RISMEDIA, November 22, 2010—The third-quarter results from the National Association of Home Builders’ 55+ Housing Market Index confirm that builder confidence in the mature-market sector reflects the larger housing market’s bleak landscape. Almost all categories surveyed declined from the levels reported in the third quarter of 2009.
“While we have anecdotal information that some local 55+ markets are beginning to rebound, the third-quarter data show that national conditions for this sector have not yet turned the corner,” said NAHB’s Chief Economist, David Crowe. “Real improvement won’t happen until we have better employment numbers, and consumers who are more confident of keeping their jobs. Those consumers will buy the homes of the 55+ age cohort, so that the mature buyers will be able to move to more appropriate housing.”
The 55+ single-family HMI measures builder sentiment based on current sales, prospective buyer traffic and anticipated six-month sales for the 55+ single-family market. A number greater than 50 indicates that more builders view conditions as good than poor. In the third quarter of 2010, the index came in at 15, a five-point drop from the third quarter of the previous year.

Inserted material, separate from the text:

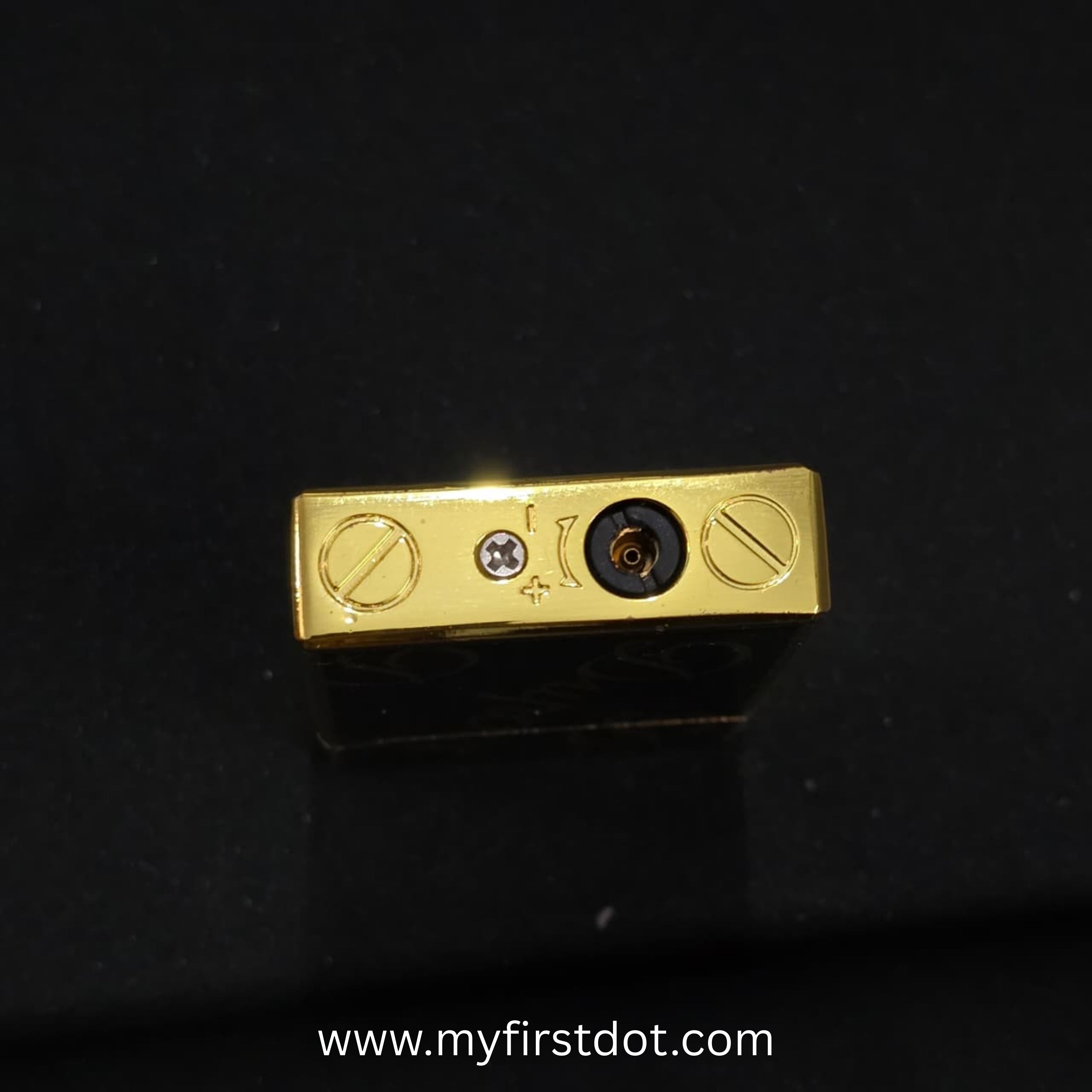 Premium Metal Body Side-Roller Flint Lighter (Butane Gas)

Present sales dropped four points, to 15. Expected sales (six months into the future) dropped six points, to 24. And traffic of prospective buyers fell seven points, to 11.

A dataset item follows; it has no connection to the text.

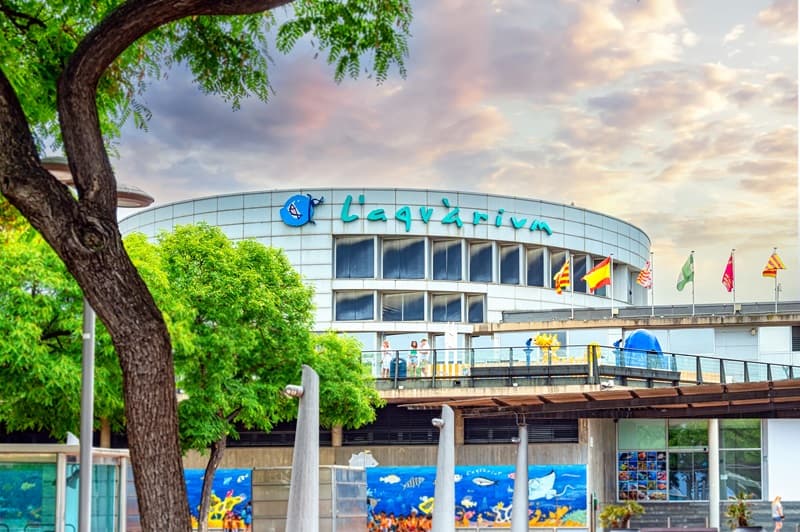 Aquarium Barcelona Port Vell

The 55+ multifamily condo HMI also showed continued weakness, with an index level of 10, down from the previous year’s 13. All three index components—current sales, expected sales and buyer traffic—declined during this period.

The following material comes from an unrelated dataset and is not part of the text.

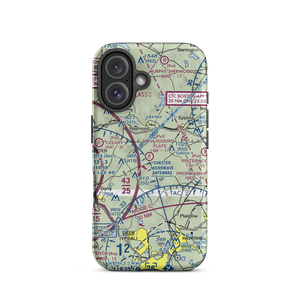 Heaton Airport (NH61) VFR Sectional  Tough iPhone Case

The lone relatively bright spot remains multifamily rentals. While present production is quite low, and not expected to grow significantly in the next six months (both show index levels in the low teens), present demand came in at 28, while expected demand is at 32. Those demand levels have been consistently in the high 20s and low thirties for the most recent four quarters. These statistics indicate that more respondents see some strength in rental demand compared to the number who see any growth in production of new rental apartments to support that demand.